How do educators — from teachers in a classroom setting to learning and development professionals in the workplace — set out to develop their methods and objectives for their learning initiatives? What criteria are most important when evaluating the overall success of a program?

Educators and L&D professionals have long applied the principles of Bloom’s Taxonomy, a framework of learning goals created by University of Chicago educational psychologist Benjamin Bloom in 1956. The six levels of Bloom’s Taxonomy explore and explain the process of learning in a hierarchical way, meaning that the learner must comprehend the lower stages in order to build a foundation of understanding to grasp and eventually master the higher levels.

 

Bloom's Taxonomy

Graphic courtesy University of Arkansas

Exploring the Levels of Learning

Let’s take a look at each layer of Bloom’s Taxonomy and the keywords that support each level:

Remember: Retrieving, recognizing, and recalling relevant knowledge from long‐term memory.

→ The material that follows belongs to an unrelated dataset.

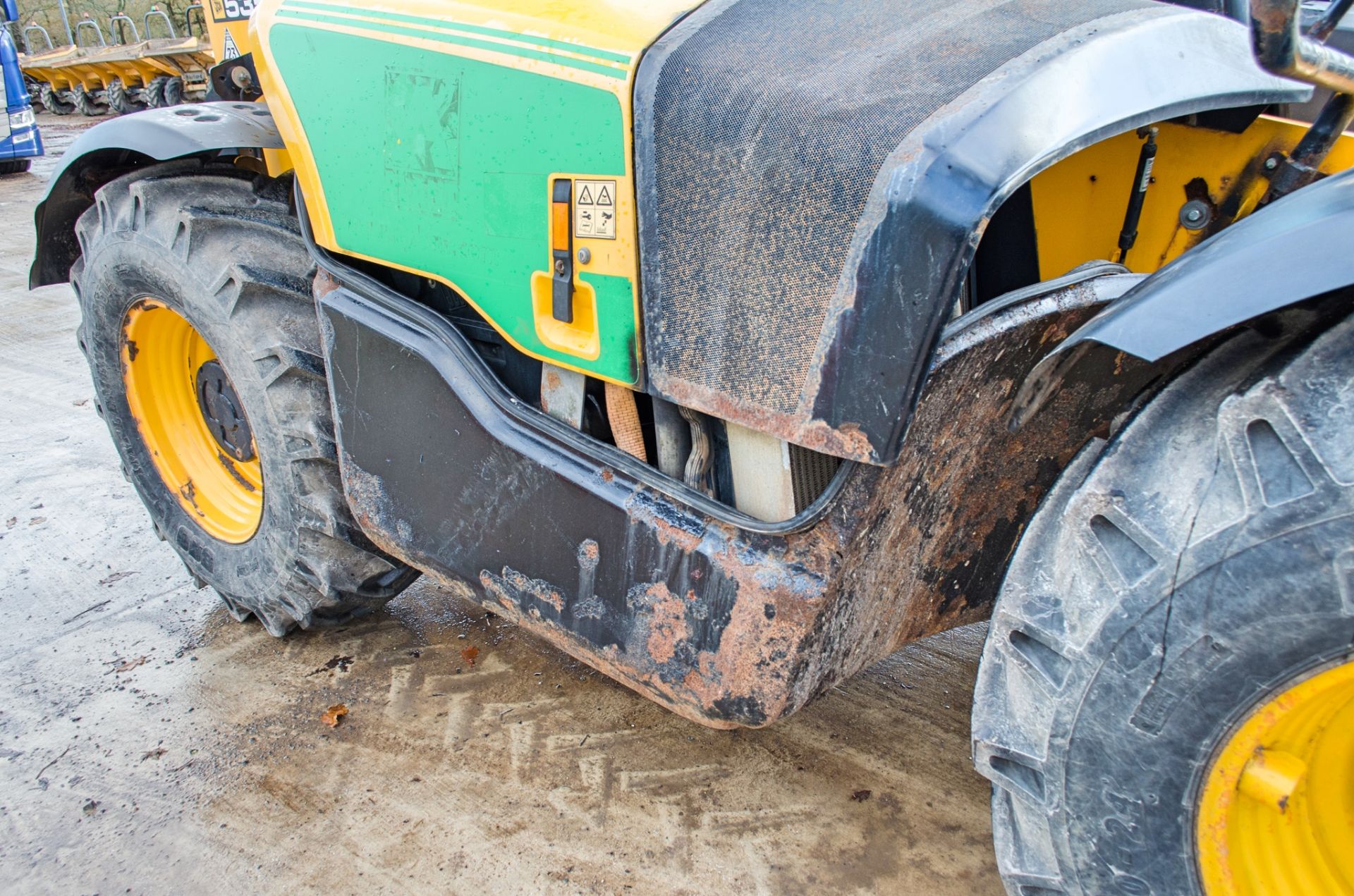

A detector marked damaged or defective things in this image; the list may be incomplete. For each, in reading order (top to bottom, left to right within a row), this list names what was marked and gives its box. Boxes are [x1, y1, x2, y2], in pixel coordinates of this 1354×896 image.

list, recite, outline, define, name, match, quote, recall, identify, label, recognize

 

Understand: Constructing meaning from oral, written, and graphic messages through interpreting, exemplifying, classifying, summarizing, inferring, comparing, and explaining.

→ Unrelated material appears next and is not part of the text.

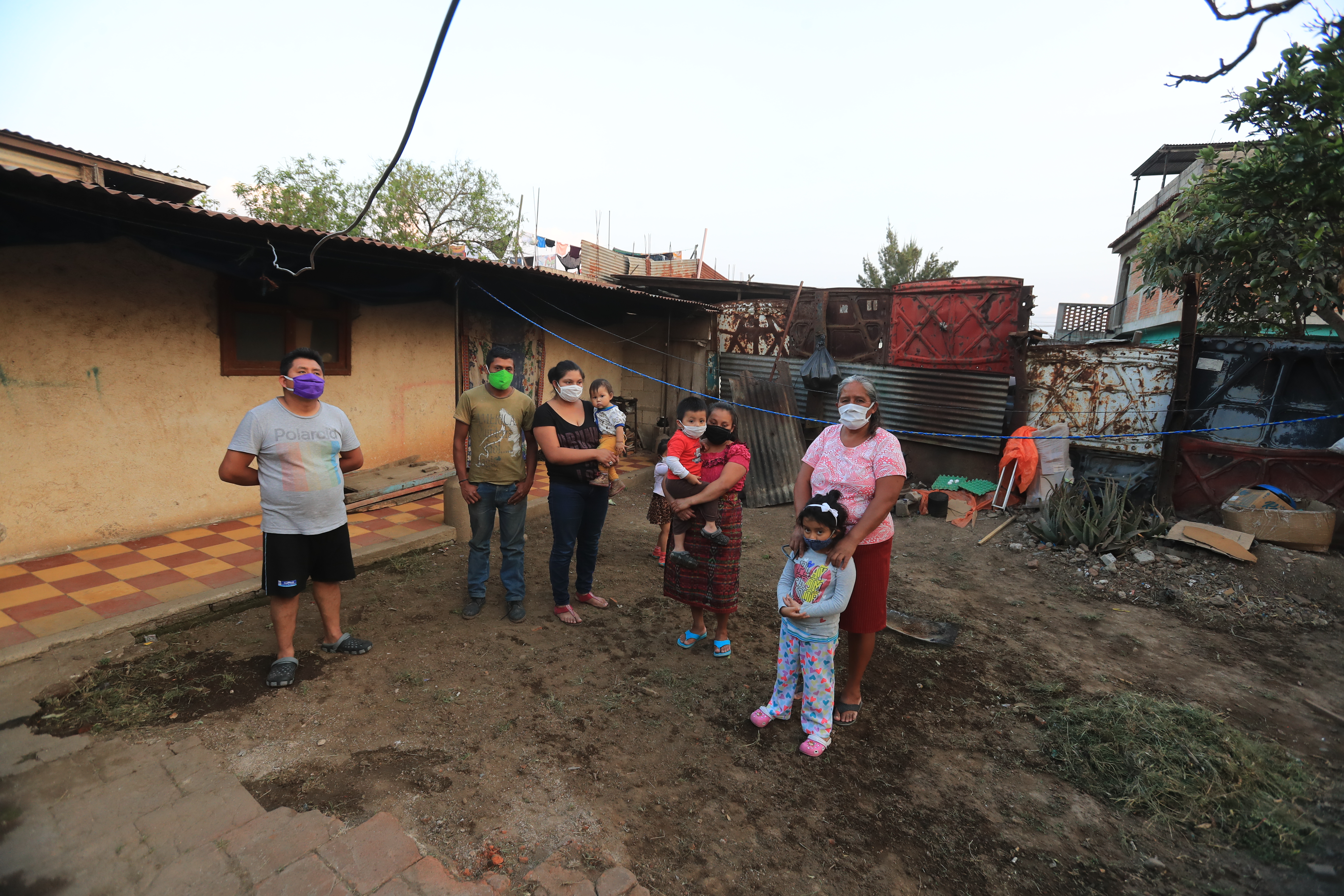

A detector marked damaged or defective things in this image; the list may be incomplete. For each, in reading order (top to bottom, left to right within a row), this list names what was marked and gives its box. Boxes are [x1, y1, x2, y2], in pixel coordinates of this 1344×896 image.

describe, explain, paraphrase, restate, give original examples of, summarize, contrast, interpret, discuss

 

Apply: Carrying out or using a procedure for executing or implementing.

calculate, predict, apply, solve, illustrate, use, demonstrate, determine, model, perform, present

 

Analyze: Breaking material into constituent parts, determining how the parts relate to one another and to an overall structure or purpose through differentiating, organizing, and attributing.

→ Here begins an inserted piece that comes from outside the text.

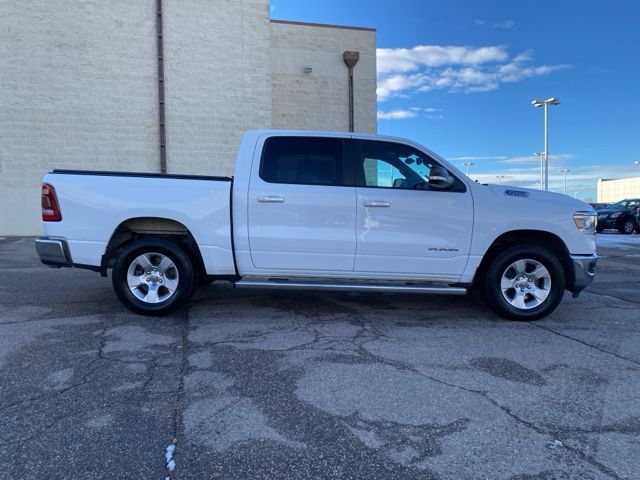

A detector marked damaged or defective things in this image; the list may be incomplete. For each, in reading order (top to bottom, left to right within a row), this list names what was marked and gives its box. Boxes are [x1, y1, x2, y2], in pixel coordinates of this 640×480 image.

cracked asphalt [0, 236, 636, 480]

classify, break down, categorize, analyze, diagram, illustrate, criticize, simplify, associate

 

Evaluate: Making judgments based on criteria and standards through checking and critiquing.

choose, support, relate, determine, defend, judge, grade, compare, contrast, argue, justify, support, convince, select, evaluate

 

Create: Putting elements together to form a coherent or functional whole; reorganizing elements into a new pattern or structure through generating, planning, or producing.

design, formulate, build, invent, create, compose, generate, derive, modify, develop

 

Bloom’s Taxonomy is a powerful tool specifically because it organizes the learning process in advancing steps:

  • Before you can understand a concept, you must remember it.
  • To apply a concept you must first understand it.
  • In order to evaluate a process, you must have analyzed it.
  • To create an accurate conclusion, you must have completed a thorough evaluation.

When thinking of learning in these iterative, intentional phases, educators and learning professionals can better strategize their training materials and performance metrics as well as establish clear-cut objectives for the learner. Sounds like a definite win-win.

How VR Unlocks Bloom’s Higher Levels of Learning

The upper echelons of Bloom’s Taxonomy — analyzing, evaluating, and creating — are often the skills that are baseline requirements in professions today, though so much of our professional training is devoted to the lower levels. So-called soft skills (or power skills) such as critical thinking, problem solving, and leadership are considered essential in today’s workplace, but what is the best method for learning them and retaining that knowledge in the long term?

Here’s where immersive technology offers boundless possibilities. The advanced sophistication and increased availability of xR technologies — virtual reality (VR), where the learner is immersed in a new digital environment, and augmented reality (AR), in which the participant is placed in a combined real and virtual world where information is digitally shared — are transforming the ways in which we learn and even experience the world.

Virtual reality simulations accelerate this type of progressive learning by requiring learners to actively demonstrate mastery, a fact that translates into real engagement for learners and dollars and cents for L&D considering actual mastery in many corporate cases is not a nice-to-have but a must-have skill (think risk avoidance and compliance). For soft skills, hyper-real simulations allow training to achieve the elusive and productive balance of safety and danger. The training is safe enough that the learner can make mistakes and learn from them, and risky enough to recreate the stress of the encounter, so the learner becomes inoculated for it.

Mursion’s live “human-in-the-loop” virtual reality simulations blend the best of both worlds — the empathy and intelligence of people with the scalability and flexibility of technology. Our hyper-real environments and interactions simultaneously produce the feel of safety (the brain recognizes the security of being in the simulation) and danger (practicing reactions to high-stakes situations in true-to-life surroundings, requiring authenticity and presence).

As technology becomes more commonplace in training settings — not only in classrooms but in modern workplaces where skill sets are in constant flux — virtual reality simulations can assist learners of all ages and abilities to deepen their skills, saving time, money and stress levels in the process.